Nueva lista de miedos en los últimos meses de mis veinticinco

Cada cierto tiempo los seres humanos se renuevan por completo.

Aunque desechamos células muertas y cabello diariamente,

cosas sin importancia que marcan una diferencia microscópica,

se supone que toma siete años mutar.

Así que el cuerpo que tocó el primer hombre que amé no es este.

La marca junto al ombligo, visible cuando nací, se movió de lugar.

El cabello que alguna vez teñí de azul y de morado perdió continuidad.

Así también ciertas certezas:

el cuerpo que tocó el primer hombre que amé, y que ya no existe,

nunca estuvo condenado a nada;

ni siquiera al amor.

Las cicatrices que dolieron:

junto al ojo,

en la mano derecha,

en la rodilla izquierda,

en los antebrazos,

ahora requieren búsquedas para contar las historias.

Dentro de la memoria,

espacio inaccesible y confuso,

espacio falso,

hago mi propio recuento de los daños.

Por eso pienso en los miedos y en el tiempo.

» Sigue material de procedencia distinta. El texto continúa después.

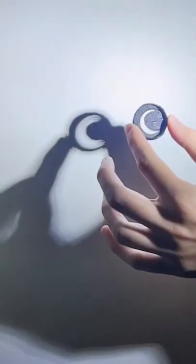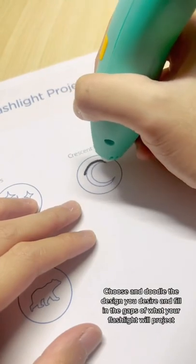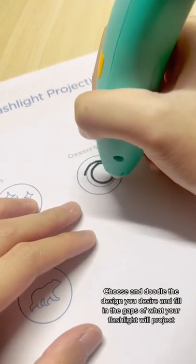Let's doodle a flashlight projection. Choose and doodle the design you desire and fill in the gaps of what your flashlight will project.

En el cascarón de lo que fui y la pertinencia del futuro, en los últimos días,

-llenos de sol y humedad y rostros abrillantados por esa combinación-,

de mis veinticinco.

En los últimos días,

-llenos también de dudas y de miedo-,

de mis veinticinco.

Los siete años de mi cuerpo nuevo me llevan a otra vida.

Y los siete años anteriores me observan detrás de un cristal,

lejanos y ajenos, como lo hacen las vidas pasadas.

Ya no me acuerdo cómo se siente ser ella.

Y ella nunca va a saber lo que se siente ser yo.

El si mismo es esa clase de intercambio.

Más que nunca, entonces, creo que escribo para dejar un rastro.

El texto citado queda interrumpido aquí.